Olivia Colman und Benedict Cumberbatch, bekannt geworden durch ihre Rollen als Queen und Sherlock Holmes, verkörpern in den USA ein zerstrittenes britisches Ehepaar. Ein Gespräch über die Magie langer Ehen, makabere Scherze und Death Metal.

London, ein Hotelzimmer, früher Nachmittag. Olivia Colman und Benedict Cumberbatch sitzen entspannt und freundlich vor der Kamera, ein eingespieltes Team. Ein kleiner improvisierter Moment entsteht, als die Kamera zu früh angeschaltet wird und Colman noch nicht ganz bereit scheint. „Entschuldigen Sie, ich esse gerade noch einen Keks“, erklärt sie, während Cumberbatch mit seiner tiefen Stimme scherzhaft hinzufügt: „Beginnen Sie ohne mich, Martin.“ Schon in diesen ersten Momenten wird die Mischung aus britischem Humor und Wärme spürbar, die die beiden zu weltweiten Publikumslieblingen gemacht hat.

Der Film, über den sie sprechen, ist jedoch keineswegs eine leichte Kost. „Die Rosenschlacht“ ist eine moderne Neuinterpretation von Danny DeVitos dunkler Kultkomödie „Der Rosenkrieg“ (1989). Darin spielten Michael Douglas und Kathleen Turner ein Ehepaar, das in einem absurd brutalen Scheidungskrieg endet. Colman und Cumberbatch sind Ivy und Theo, ein britisches Paar mit zwei Kindern in den USA. Von außen wirkt ihr Leben perfekt: eine glückliche Ehe, beruflicher Erfolg, ein schönes Zuhause. Doch als Theos Karriere plötzlich endet und Ivys Karriere aufsteigt, kippt die Balance. Missverständnisse und Frustration entladen sich im Alltag, etwa wenn Theo, nun arbeitslos, den Kindern Läuse aus dem Haar kämmt, während seine Frau bei Empfängen glänzt. Es entbrennt ein Kampf, der in seiner Komik und Brutalität eskaliert: ein Feuerwerk aus schmerzhaften Spötteleien, Eitelkeit, Neid und unerfüllten Sehnsüchten.

WELT: Haben Sie ein Lieblingslied von Napalm Death?

Olivia Colman: (sie beendet ihren Keks) Ein Lieblings–was?

Benedict Cumberbatch: Er fragte nach deinem Lieblingslied – von Napalm Death.

WELT: Das frage ich nur, weil eine Szene in Ihrem neuen Film sehr eindrücklich ist – in der Sie sich während eines Abendessens mit Freunden heftig streiten. Und am Ende fordert Ivy Alexa auf: „Spiel Napalm Death!“

Colman: Oh, entschuldigen Sie bitte. Ich dachte immer, Napalm Death sei der Titel eines Songs, ich wusste nicht, dass es der Name der Band ist.
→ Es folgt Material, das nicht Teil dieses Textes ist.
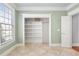 Large walk-in closet with shelving, tiled floor and an open doorway, offering organized storage solutions at 102 Kamprath Pl, Cary, NC 27519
Cumberbatch: Ich wusste zumindest, dass es Death Metal ist. Es war definitiv die aggressivste Musikwahl, um dem Streit eine besondere Note zu verleihen.

WELT: Napalm Death haben Alben wie „From Enslavement to Obliteration“ veröffentlicht. Passend als Untertitel für die Hölle der Ehe, die Sie darstellen, oder?

Colman: Das klingt definitiv so, als ob Napalm Death eine sehr nette Gruppe wären (lacht). Ihre Musik funktionierte hervorragend für diese Szene. Das zeigt, wie kunstvoll unser Drehbuchautor Tony McNamara ist, der ein tiefes Verständnis für die verschiedensten Dinge hat.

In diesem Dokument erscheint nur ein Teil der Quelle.